Shout-Africa News – The lobby group AfriForum will meet with a senior legal team this week to decide on legal steps against the South African government in response to the latter’s neglect to protect the lives and property of South Africans in Zimbabwe. On 9 June 2010, AfriForum served a lawyer’s letter to the Department of Trade and Industry to demand that the South African government should intervene urgently to protect citizens in Zimbabwe.
There was no response to AfriForum’s letter to the Department was given time to midnight, 15 June 2010.
This step followed after several South Africans farming in Zimbabwe had become subject to renewed, exacerbated onslaughts of land grabbers. In terms of the settlement reached between AfriForum and the South African government re the BIPPA Trade Agreement, formalised as a court order by the Gauteng North High Court in Pretoria in November 2009, the South African government undertook to maintain the rights and remedies of victims of Zimbabwe’s illegal land expropriation programme. In terms of the Minister’s affidavits for the case, as well as the subsequent court order, South Africans have a right to protection as defined by this agreement.

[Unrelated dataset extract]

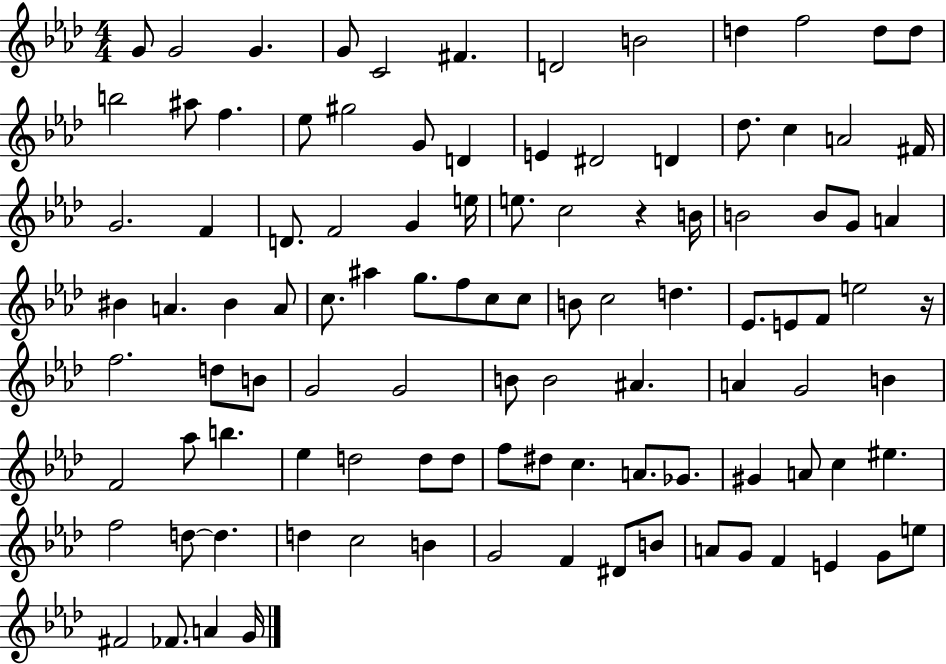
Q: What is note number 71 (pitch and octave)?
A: Eb5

According to Alana Bailey, deputy CEO of AfriForum, it is outrageous that the government does not take steps to comply with its undertaking to its citizens. “It is even more shocking to see that the government invites Robert Mugabe as guest to the World Cup Soccer Tournament, thereby indulging the man responsible for these, as well as numerous other human rights violations, instead of taking action against him. This sends a perturbing message regarding the South African government’s commitment to the protection of human rights and shows a total lack of respect for not only South Africans in Zimbabwe, but for all victims of the Mugabe-regime.”
AfriForum says it will decide on a course of action in accordance with its legal team’s advice. Meanwhile AfriForum has welcomed the announcement that the Queen of England has awarded a MBE to Ben Freeth – the activist for Zimbabwean farmers who had lost their land, whose struggle is covered so poignantly by the documentary Mugabe and the White African. AfriForum congratulates Freeth with this well-deserved honour. According to the Queen’s birthday list of 2010, this award is made based on “services to the farming community in Zimbabwe”.
The lobby group says it has ‘the greatest respect for Freeth and his fellow farmers’ who refuse to yield in the face of the injustices of the Mugabe-regime.
“The only way in which tyrants like Mugabe can be stopped, is when people refuse to accept their injustices or to be silenced by them,” Bailey added.